Preclinical and Clinical Efficacy of Trastuzumab Deruxtecan in Breast Cancer Brain Metastases.

机构信息

Dana-Farber Cancer Institute, Boston, Massachusetts.

Duke Cancer Institute, Durham, North Carolina.

出版信息

Clin Cancer Res. 2023 Jan 4;29(1):174-182. doi: 10.1158/1078-0432.CCR-22-1138.

Abstract

PURPOSE

Brain metastases can occur in up to 50% of patients with metastatic HER2-positive breast cancer. Because patients with active brain metastases were excluded from previous pivotal clinical trials, the central nervous system (CNS) activity of the antibody-drug conjugate trastuzumab deruxtecan (T-DXd) is not well characterized.

EXPERIMENTAL DESIGN

We studied how T-DXd affects growth and overall survival in orthotopic patient-derived xenografts (PDX) of HER2-positive and HER2-low breast cancer brain metastases (BCBM). Separately, we evaluated the effects of T-DXd in a retrospective cohort study of 17 patients with stable or active brain metastases.

RESULTS

T-DXd inhibited tumor growth and prolonged survival in orthotopic PDX models of HER2-positive (IHC 3+) and HER2-low (IHC 2+/FISH ratio < 2) BCBMs.

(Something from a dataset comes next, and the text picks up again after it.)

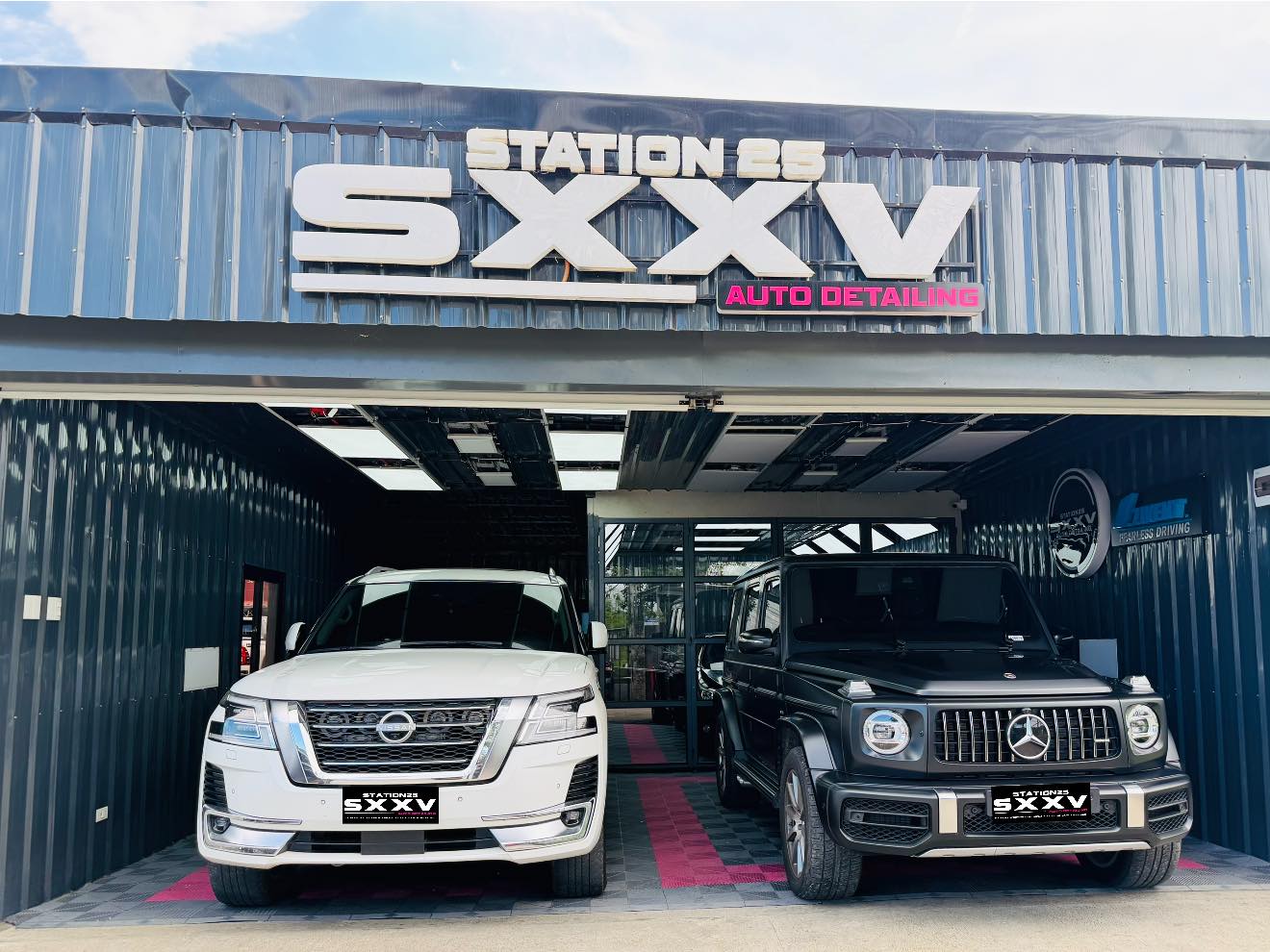 Vehicle before detailing service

T-DXd reduced tumor size and prolonged survival in a T-DM1-resistant HER2-positive BCBM PDX model. In a retrospective multi-institutional cohort study of 17 patients with predominantly HER2-positive BCBMs, the CNS objective response rate (ORR) was 73% (11/15) while extracranial response rate was 45% (5/11). In the subset of patients with untreated or progressive BCBM at baseline, the CNS ORR was 70% (7/10). The median time on treatment with T-DXd was 8.9 (1.3-16.2) months, with 42% (7/17) remaining on treatment at data cutoff.

CONCLUSIONS

T-DXd demonstrates evidence of CNS activity in HER2-positive and HER2-low PDX models of BCBM and preliminary evidence of clinical efficacy in a multi-institution case series of patients with BCBM. Prospective clinical trials to further evaluate CNS activity of T-DXd in patients with active brain metastases are warranted. See related commentary by Soffietti and Pellerino, p. 8.

摘要

目的

多达 50%的转移性 HER2 阳性乳腺癌患者会发生脑转移。由于先前的关键性临床试验排除了有活动性脑转移的患者,因此抗体药物偶联物 trastuzumab deruxtecan(T-DXd)的中枢神经系统(CNS)活性尚未得到充分描述。

实验设计

我们研究了 T-DXd 如何影响 HER2 阳性和 HER2 低表达乳腺癌脑转移(BCBM)的原位患者来源异种移植(PDX)的生长和总生存期。此外,我们还在一项 17 例有稳定或活动性脑转移的患者回顾性队列研究中评估了 T-DXd 的作用。

结果

T-DXd 抑制了 HER2 阳性(IHC 3+)和 HER2 低表达(IHC 2+/FISH 比值<2)BCBM 原位 PDX 模型中的肿瘤生长并延长了生存期。在 T-DM1 耐药的 HER2 阳性 BCBM PDX 模型中,T-DXd 缩小了肿瘤体积并延长了生存期。在一项包含 17 例主要为 HER2 阳性 BCBM 患者的多机构回顾性队列研究中,CNS 客观缓解率(ORR)为 73%(11/15),而颅外缓解率为 45%(5/11)。在基线时有未经治疗或进展性 BCBM 的患者亚组中,CNS ORR 为 70%(7/10)。T-DXd 的中位治疗时间为 8.9(1.3-16.2)个月,数据截止时 42%(7/17)的患者仍在接受治疗。

结论

T-DXd 在 HER2 阳性和 HER2 低表达 BCBM 的 PDX 模型中显示出 CNS 活性的证据,并在一项多机构 BCBM 患者病例系列研究中初步证实了临床疗效。需要进行前瞻性临床试验,以进一步评估 T-DXd 在有活动性脑转移的患者中的 CNS 活性。见 Soffietti 和 Pellerino 的相关评论,第 8 页。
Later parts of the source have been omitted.